=== AIM OF THE TASK ===
Print the listing below exactly, images excluded.

=== AVAILABLE DATA ===
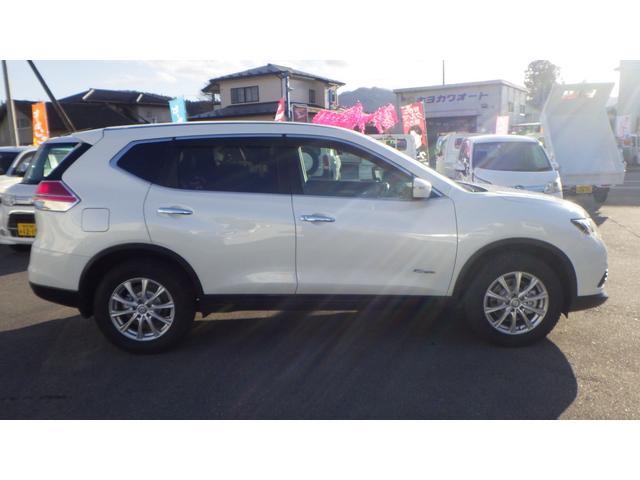 エクストレイル ２０Ｘ　ハイブリッド　エマージェンシーブレーキＰ　４ＷＤ　純正ナビ　ハーフレザー（4枚目）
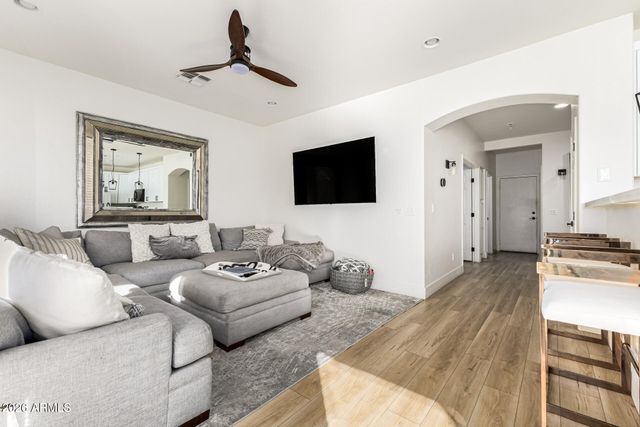 2707 W LAMAR Road, Phoenix, AZ 85017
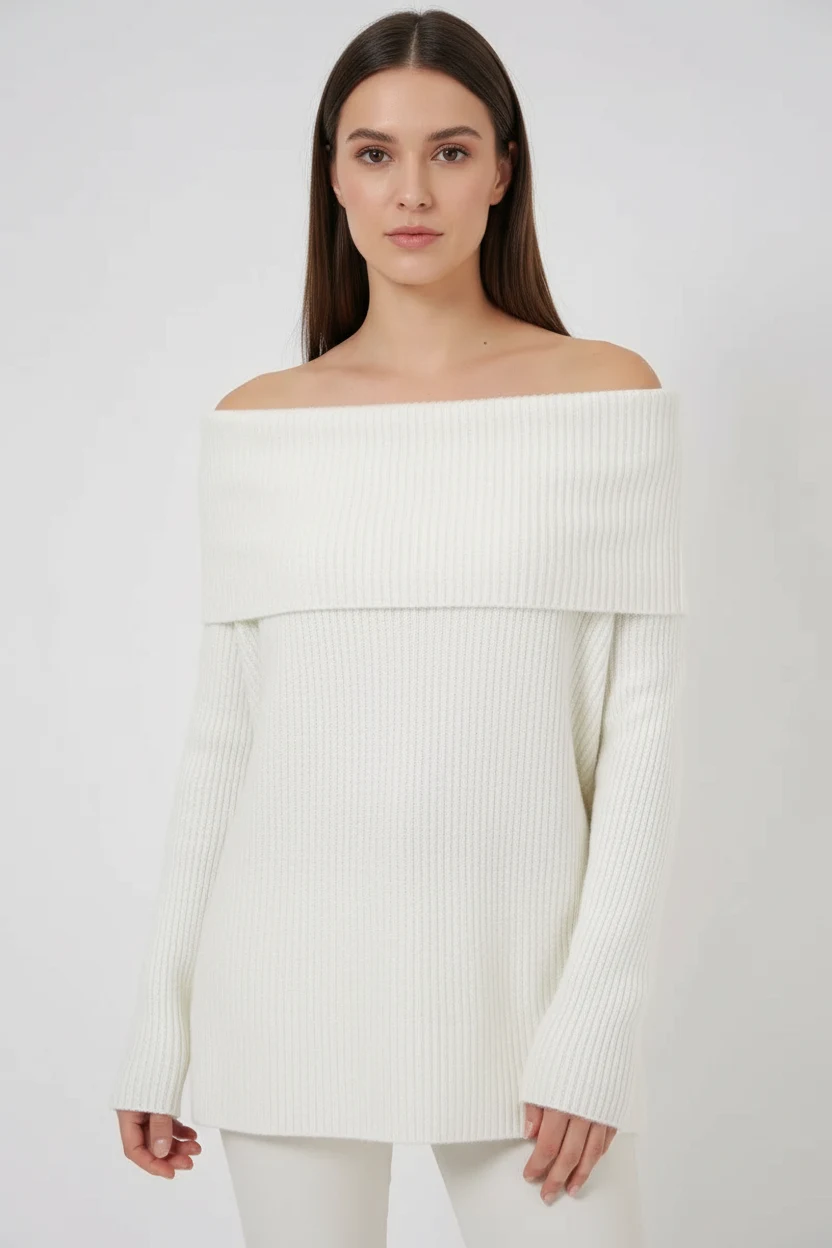 Kadın Kayık Yaka Oversize Açık Omuz Triko Beyaz Kazak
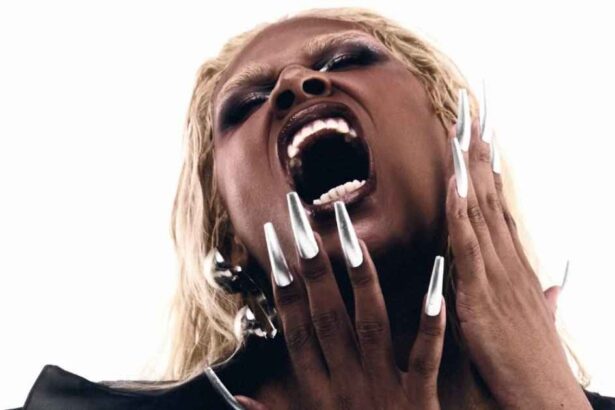 Siamese anuncia álbum 'ME SIA' e estreia persona SIA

=== RESPONSE ===
 エクストレイル ２０Ｘ　ハイブリッド　エマージェンシーブレーキＰ　４ＷＤ　純正ナビ　ハーフレザー（4枚目）
 2707 W LAMAR Road, Phoenix, AZ 85017
 Kadın Kayık Yaka Oversize Açık Omuz Triko Beyaz Kazak
 Siamese anuncia álbum 'ME SIA' e estreia persona SIA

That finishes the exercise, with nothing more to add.